The spandrel is the leftover space between an arch and a rectangle. The space nobody planned for that became the space everybody decorated. Washington Square Park is a spandrel. The city built a grid and the grid left a gap and the gap became the most important park in Greenwich Village. My whole career was a spandrel. The city built itself and left gaps and I filled the gaps with noise.
The reveal is the shadow line where one surface steps back from another. The carpenter spends an hour getting the reveal even — one-eighth of an inch all the way around the door. Nobody sees it. But if it were wrong everybody would see it. The whole job of the reveal is to disappear. Success is invisibility.
The cornerstone was hollow. A metal box inside the stone held a newspaper, a coin, a list of workers. A letter to somebody who did not exist yet. The builders wrote to the future the way you write to a stranger. Politely. Hopefully. The stranger tears down the building and opens the box and the newspaper talks about a war. The building saved the newspaper. The newspaper did not save the building.
The scribe is a line scratched into wood to mark where the cut will go. The scribe measures shape, not distance. The ruler says three inches. The scribe says this exact curve right here. Nobody scribes anymore. They use caulk. Filled is not the same as fitted. The scribe was the carpenter respecting the wall.
The wattle and daub is the oldest wall. Sticks and mud. Six thousand years old. The knowledge is dying with the last generation that learned it. Somewhere in England an old man knows how to daub a wall and his grandchildren do not care. That is the same story Dom told about the bricklayer. The highlight fades when the person who carried it is gone. Unless somebody writes it down. Unless somebody says it out loud on a street corner.
The entablature is the horizontal line where the building stops reaching up and starts reaching out. The line where vertical ambition meets horizontal shelter. The Greek entablature was a proportion. The proportion was a philosophy. The philosophy said a building should know when to stop. The glass building does not know when to stop because the glass building has no entablature to tell it.

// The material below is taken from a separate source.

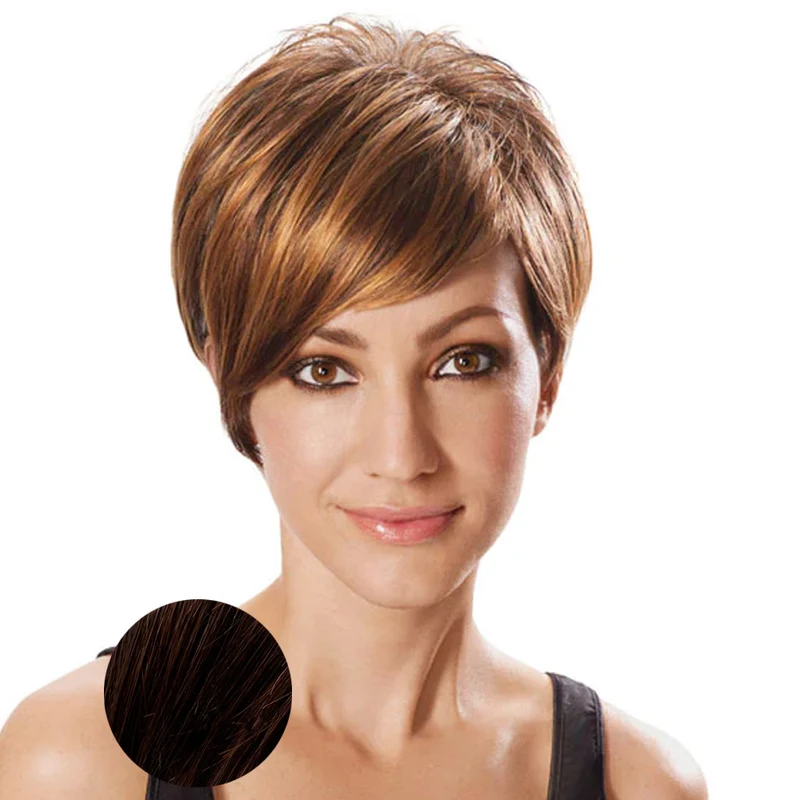 Hairdo Parrucca Angled Cut Castano Medio Ramato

Every building is a radio broadcasting on a frequency that nobody is tuning in. Four hundred and twenty-nine rants and counting. Each one is a station. The bricklayer's highlight. The mason's nationality. The terrazzo's ring. The weep hole's knowledge. The cornerstone's letter. The signals are in the walls. They have always been in the walls. Dom heard them from a bench in Union Square. The buildings hold the signals. Somebody just has to listen.